Speaking to reporters before landing in New Delhi, Gates expressed admiration for how Indian leaders had reacted to the 2008 attacks that left 166 dead.

"The bombing in Mumbai was a really terrible event and frankly I believe that the Indians responded subsequently with a great deal of restraint and have conducted themselves in a very statesmanlike manner since that attack," he said.

India has blamed the assault by 10 heavily-armed gunmen on the Pakistan-based Islamist group Lashkar-e-Taiba, and called for stepped up pressure on Pakistan to rein in militants.

"I think that even within the framework of that attack and the suspicions that it created that the two sides have managed to keep the tensions between them at a manageable level," Gates said.

His comments came as he began a two-day visit to India during which the threat posed by militants in Afghanistan and Pakistan will be high on the agenda.

Gates, who was to meet Prime Minister Manmohan Singh and Foreign Minister S.M. Krishna later Tuesday, said that India and the United States faced a common threat from violent extremists.

"Both of our countries know all too well the terrible human cost of terrorist attacks," Gates wrote in a commentary in The Times of India before his arrival.

Leaders of both governments have agreed to expand cooperation in sharing tactics and information in countering terror threats, including efforts to disrupt militant financial networks and safeguard public transit, he wrote.

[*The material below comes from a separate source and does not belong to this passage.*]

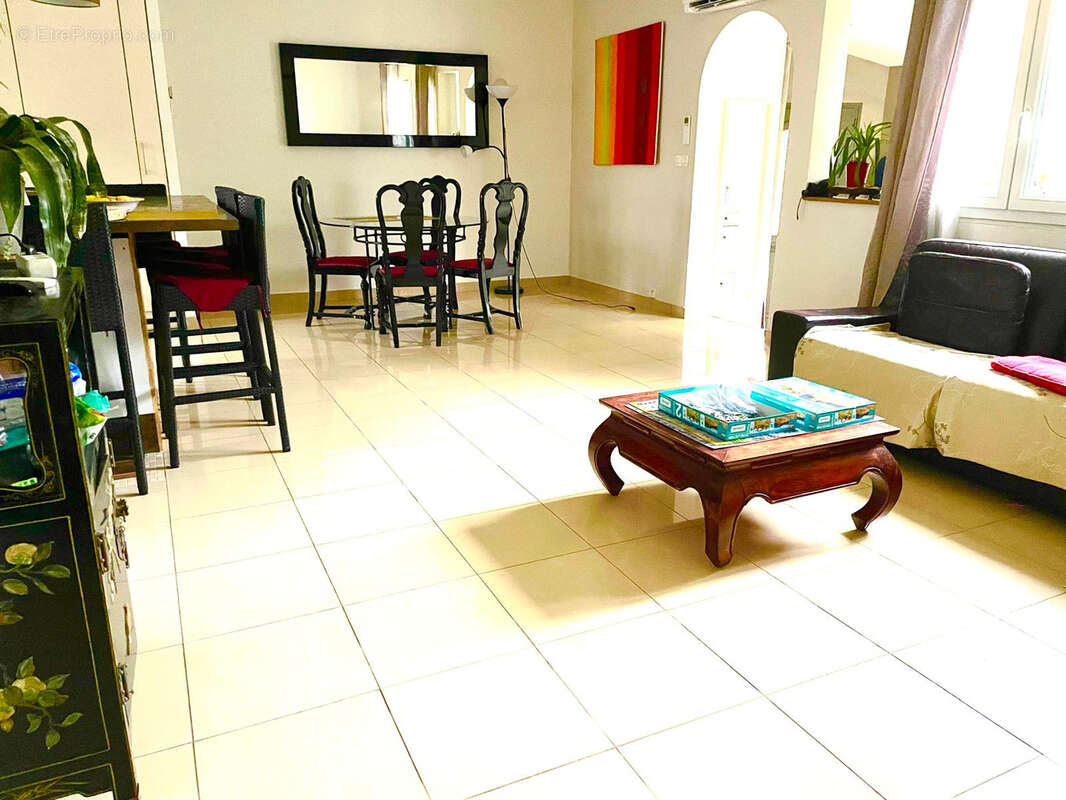 Maison à LE BLANC-MESNIL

Gates told reporters he also planned to provide India with an update on the NATO-led war in Afghanistan, a mission that his host has strongly endorsed.

Washington has been grateful for India's generous reconstruction aid to Afghanistan and steadfast backing for the war against Taliban insurgents.

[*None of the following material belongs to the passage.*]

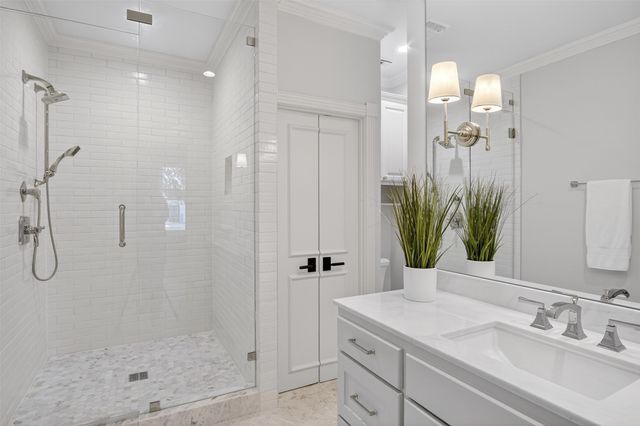 6011 Lakehurst Avenue, Dallas, TX 75230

After decades of mutual unease during the Cold War, India's relations with the United States have steadily improved and defence ties have expanded since the attacks of September 11, 2001, including annual joint military exercises.

Defence-related trade is also on the rise after a deal in July between the two countries opened the way for the sale of sophisticated US weaponry to India.

Gates called the "end-use monitoring" agreement "hugely important" but said more needed to be done to expand arms trade between the two countries.

He said more US legal barriers needed to be removed that would give India access to American-made military hardware, citing agreements on communications and logistics cooperation that still needed to be sealed.

In his newspaper commentary, Gates wrote that "we both have to reexamine policies dealing with exchanging technology" and US regulations particularly needed to be reformed.

India last year bought six Hercules transport aircraft from US aviation giant Lockheed Martin and Boeing said this month that India had expressed interest in a potential purchase of 10 C-17 transport planes.

The US defence firms also are keenly interested in a lucrative contract to build fighter jets for India, along with European, Russian, French and Swedish companies.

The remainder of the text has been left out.